→ Task brief
In the records that come next, find every line with "Cover". Return those lines.
══════════════════════════════
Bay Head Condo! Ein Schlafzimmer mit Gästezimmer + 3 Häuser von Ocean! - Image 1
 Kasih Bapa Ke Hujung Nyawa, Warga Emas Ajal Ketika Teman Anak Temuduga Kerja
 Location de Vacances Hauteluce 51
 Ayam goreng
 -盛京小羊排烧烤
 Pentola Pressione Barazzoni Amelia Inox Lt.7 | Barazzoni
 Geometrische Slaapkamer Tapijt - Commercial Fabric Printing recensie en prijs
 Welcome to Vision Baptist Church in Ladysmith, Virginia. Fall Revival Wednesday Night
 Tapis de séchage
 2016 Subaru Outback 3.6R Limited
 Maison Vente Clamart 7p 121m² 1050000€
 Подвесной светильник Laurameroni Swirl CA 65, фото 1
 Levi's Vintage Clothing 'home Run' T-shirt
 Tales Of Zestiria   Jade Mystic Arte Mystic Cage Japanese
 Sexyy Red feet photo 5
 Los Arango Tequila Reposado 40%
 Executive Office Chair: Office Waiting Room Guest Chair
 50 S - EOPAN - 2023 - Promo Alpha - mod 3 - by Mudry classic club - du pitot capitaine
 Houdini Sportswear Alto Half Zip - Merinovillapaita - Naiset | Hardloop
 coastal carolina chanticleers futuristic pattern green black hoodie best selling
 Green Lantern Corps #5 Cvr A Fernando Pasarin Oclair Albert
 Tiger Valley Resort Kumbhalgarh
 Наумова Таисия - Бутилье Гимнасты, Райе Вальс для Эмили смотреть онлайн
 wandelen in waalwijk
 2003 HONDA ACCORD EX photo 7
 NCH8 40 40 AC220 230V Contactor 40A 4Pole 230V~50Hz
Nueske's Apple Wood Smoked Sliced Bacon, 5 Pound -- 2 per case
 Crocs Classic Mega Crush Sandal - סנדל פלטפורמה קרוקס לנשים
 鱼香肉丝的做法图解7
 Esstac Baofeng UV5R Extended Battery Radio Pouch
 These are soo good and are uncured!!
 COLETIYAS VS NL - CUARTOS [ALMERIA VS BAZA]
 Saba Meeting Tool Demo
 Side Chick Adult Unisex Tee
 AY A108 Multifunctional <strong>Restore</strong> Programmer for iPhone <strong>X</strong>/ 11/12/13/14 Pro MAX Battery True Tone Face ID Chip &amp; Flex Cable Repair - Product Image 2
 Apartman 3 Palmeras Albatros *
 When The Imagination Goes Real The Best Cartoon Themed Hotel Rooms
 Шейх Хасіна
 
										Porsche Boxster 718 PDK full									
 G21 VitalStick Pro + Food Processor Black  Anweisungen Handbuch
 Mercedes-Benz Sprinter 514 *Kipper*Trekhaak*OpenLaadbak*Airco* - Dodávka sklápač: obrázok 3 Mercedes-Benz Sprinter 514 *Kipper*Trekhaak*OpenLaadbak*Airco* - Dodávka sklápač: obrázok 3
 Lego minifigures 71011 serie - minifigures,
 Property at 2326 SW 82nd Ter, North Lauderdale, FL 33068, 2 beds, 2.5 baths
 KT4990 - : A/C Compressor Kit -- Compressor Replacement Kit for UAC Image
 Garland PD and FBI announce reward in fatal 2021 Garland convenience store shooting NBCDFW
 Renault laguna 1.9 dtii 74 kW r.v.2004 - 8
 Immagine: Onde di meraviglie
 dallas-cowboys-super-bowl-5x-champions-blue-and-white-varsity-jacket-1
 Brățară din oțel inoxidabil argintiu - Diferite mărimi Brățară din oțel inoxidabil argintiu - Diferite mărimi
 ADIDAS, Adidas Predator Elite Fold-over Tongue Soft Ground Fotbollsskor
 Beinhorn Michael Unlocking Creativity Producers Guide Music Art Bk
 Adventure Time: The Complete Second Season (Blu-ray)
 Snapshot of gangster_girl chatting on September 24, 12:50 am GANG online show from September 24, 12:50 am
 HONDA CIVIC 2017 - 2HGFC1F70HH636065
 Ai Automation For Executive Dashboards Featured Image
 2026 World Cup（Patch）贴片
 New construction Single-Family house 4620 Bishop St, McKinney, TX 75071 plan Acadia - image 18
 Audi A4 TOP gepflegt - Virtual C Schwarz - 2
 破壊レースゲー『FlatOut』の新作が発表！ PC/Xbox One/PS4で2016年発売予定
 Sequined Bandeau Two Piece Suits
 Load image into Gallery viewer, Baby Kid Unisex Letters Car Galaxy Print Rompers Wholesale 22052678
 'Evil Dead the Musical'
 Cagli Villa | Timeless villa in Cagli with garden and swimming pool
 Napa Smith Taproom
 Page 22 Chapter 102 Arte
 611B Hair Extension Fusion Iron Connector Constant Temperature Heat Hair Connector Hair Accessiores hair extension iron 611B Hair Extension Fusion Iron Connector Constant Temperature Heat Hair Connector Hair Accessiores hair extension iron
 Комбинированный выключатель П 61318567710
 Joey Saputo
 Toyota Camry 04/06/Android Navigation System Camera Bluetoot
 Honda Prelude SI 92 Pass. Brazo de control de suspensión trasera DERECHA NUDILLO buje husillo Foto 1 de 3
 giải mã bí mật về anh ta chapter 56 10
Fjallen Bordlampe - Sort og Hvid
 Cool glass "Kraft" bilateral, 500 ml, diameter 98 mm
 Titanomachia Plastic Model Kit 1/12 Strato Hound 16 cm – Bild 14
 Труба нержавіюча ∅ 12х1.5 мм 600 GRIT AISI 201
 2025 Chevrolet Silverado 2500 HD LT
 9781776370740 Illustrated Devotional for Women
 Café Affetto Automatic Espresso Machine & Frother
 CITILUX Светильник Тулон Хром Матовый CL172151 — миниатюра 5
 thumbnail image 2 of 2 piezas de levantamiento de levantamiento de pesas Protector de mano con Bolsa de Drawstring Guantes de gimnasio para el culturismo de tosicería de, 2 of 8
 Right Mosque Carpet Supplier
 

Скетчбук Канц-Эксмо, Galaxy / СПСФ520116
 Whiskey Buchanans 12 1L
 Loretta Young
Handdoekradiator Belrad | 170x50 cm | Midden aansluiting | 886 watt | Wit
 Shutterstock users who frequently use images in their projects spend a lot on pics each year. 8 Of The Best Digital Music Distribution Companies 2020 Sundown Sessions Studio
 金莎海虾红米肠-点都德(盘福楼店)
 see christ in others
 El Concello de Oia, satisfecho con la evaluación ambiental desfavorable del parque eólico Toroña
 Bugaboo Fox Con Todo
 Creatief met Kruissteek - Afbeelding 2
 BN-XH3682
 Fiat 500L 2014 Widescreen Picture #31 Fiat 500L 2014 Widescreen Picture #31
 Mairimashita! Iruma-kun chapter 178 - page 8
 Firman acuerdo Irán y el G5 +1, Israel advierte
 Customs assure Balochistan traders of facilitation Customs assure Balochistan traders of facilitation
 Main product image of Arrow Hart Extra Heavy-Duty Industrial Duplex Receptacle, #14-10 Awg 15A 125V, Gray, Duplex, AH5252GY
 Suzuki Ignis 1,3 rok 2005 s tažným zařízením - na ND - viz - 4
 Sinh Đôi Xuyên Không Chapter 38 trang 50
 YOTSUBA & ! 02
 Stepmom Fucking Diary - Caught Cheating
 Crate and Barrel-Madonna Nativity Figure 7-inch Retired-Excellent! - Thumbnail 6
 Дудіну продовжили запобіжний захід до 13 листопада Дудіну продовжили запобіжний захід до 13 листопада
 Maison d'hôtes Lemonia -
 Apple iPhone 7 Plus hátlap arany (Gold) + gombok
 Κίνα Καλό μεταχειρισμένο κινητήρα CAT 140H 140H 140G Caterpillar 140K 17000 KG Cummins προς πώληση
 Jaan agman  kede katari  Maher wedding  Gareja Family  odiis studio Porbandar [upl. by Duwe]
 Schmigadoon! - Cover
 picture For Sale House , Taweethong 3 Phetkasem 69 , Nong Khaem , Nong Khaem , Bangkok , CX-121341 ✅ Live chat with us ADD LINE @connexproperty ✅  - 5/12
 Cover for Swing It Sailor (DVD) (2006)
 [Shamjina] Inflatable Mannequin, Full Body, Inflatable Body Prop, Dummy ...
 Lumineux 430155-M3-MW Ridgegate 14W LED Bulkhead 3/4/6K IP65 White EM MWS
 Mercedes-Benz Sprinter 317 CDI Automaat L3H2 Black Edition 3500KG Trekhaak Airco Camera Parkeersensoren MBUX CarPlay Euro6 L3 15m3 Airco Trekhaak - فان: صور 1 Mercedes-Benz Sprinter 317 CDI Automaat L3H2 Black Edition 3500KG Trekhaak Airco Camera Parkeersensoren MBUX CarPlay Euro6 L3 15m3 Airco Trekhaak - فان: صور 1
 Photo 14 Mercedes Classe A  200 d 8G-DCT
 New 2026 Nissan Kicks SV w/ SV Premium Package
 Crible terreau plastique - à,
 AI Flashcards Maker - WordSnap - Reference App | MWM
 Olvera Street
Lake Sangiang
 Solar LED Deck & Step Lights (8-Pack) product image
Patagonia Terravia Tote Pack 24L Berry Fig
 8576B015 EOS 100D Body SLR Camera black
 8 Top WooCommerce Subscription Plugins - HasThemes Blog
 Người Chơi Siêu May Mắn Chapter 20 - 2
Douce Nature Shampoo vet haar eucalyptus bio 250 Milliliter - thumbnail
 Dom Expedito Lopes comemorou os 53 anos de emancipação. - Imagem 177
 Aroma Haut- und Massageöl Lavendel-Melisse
══════════════════════════════
→ Response to this exercise
 Schmigadoon! - Cover
 Cover for Swing It Sailor (DVD) (2006)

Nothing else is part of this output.